3- Sallusti è stato condannato per non avere vigilato sulle idee di Dreyfus. Trattandosi di pseudonimo, si è detto che la firma è stata attribuita al direttore responsabile, quindi a Sallusti. Non è vero. Dreyfus era Renato Farina, che lo ha dichiarato pubblicamente dopo la condanna. Ma che Dreyfus fosse Farina lo sapevano anche i giudici di Cassazione, visto che gli avvocati di Sallusti lo avevano comprovato nel loro ricorso, quindi tutti sapevano chi aveva scritto quelle opinioni ritenute diffamatorie.

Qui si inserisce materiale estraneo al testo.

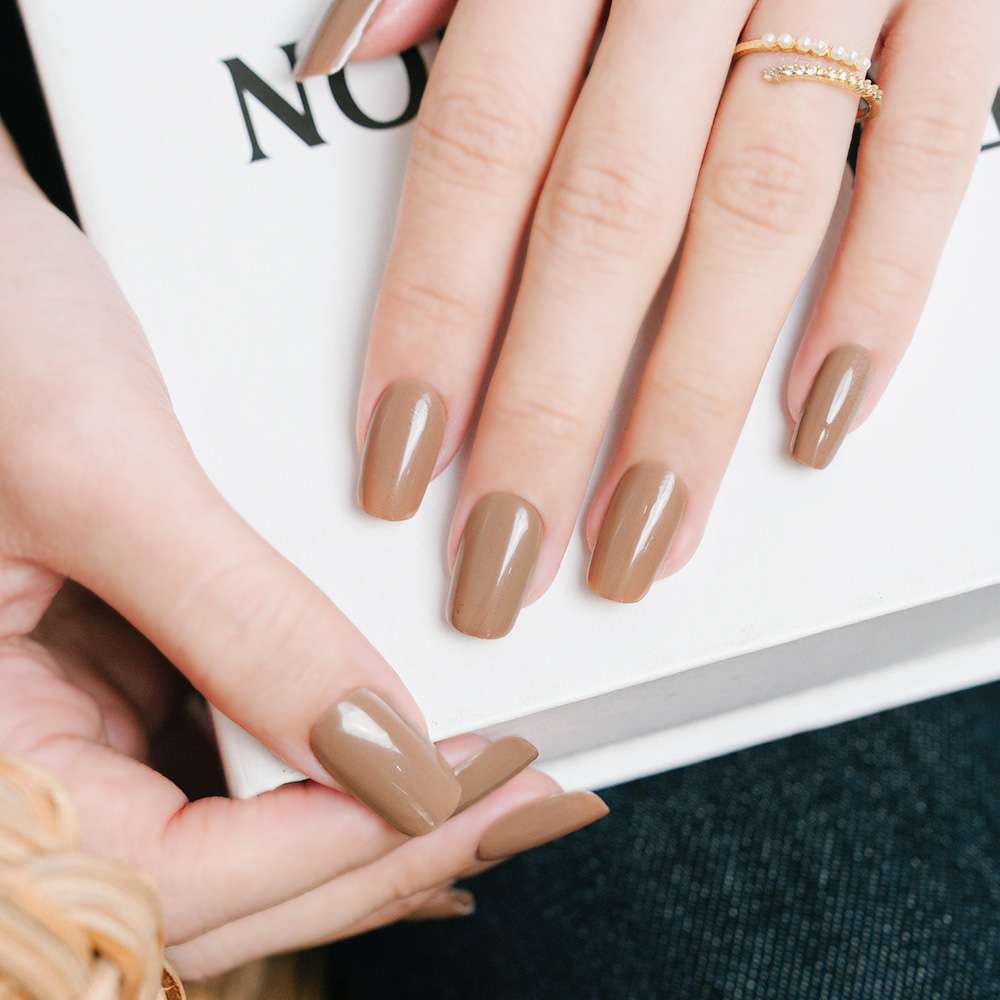 30秒快乾 輕鬆卸甲 可直接摳除 (免底膠、免去漬、免上層，需照LED美甲燈)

4- Il caso Taormina. Di questo non ha parlato nessuno. Secondo la sentenza della Cassazione e perfino secondo i giudici di secondo grado, la colpa di Sallusti non sarebbe solo quella di non avere rettificato la prima versione dei fatti, ma di avere messo in piedi una campagna stampa contro il magistrato Cocilovo, anche se questo ultimo mai è stato nominato su Libero. La Cassazione scrive che una settimana dopo la pubblicazione di Dreyfus - il 23 marzo - su Libero c’è stato «un prosieguo della campagna di offuscamento dei soggetti, a vario titolo intervenuti nella vicenda, attraverso la riproposizione da parte di un noto avvocato, della assenza del consenso della minorenne». Quel noto avvocato è Carlo Taormina, che in effetti in una sua rubrica settimanale su Libero molti giorni dopo prende per buona la vecchia versione de La Stampa e critica il comportamento di quell’anonimo magistrato. Per la Cassazione proprio l’articolo di Taormina dimostra l’intenzione di Sallusti di compiere una «crociata contro un giudice dello Stato italiano». Questo particolare era ignoto allo stesso Sallusti. Non aveva letto all’epoca la rubrica di Taormina (che mandava alla segreteria di Feltri e veniva pubblicata di rigore), e non sapeva che proprio quella rubrica è il fondamento della sua condanna. Due articoli a due settimane di distanza, allora era una campagna stampa contro il giudice Cocilovo.
Proprio il caso Taormina però dimostra come la decisione su Sallusti sia esclusivamente ad personam, un regolamento di conti e non un caso di giustizia. Quell’articolo è stato fondamentale nella condanna di Sallusti? Sì, lo dice la Cassazione. Taormina è mai stato querelato dai magistrati di Torino? No, mai. Qualcuno ha inviato rettifica per contraddirlo? No, mai. Lui non interessava ai magistrati di Torino. Quella che volevano era la testa di Sallusti. E questa hanno ottenuto nel silenzio complice e interessato di chiunque dovrebbe avere a cuore l’articolo 21 della Costituzione.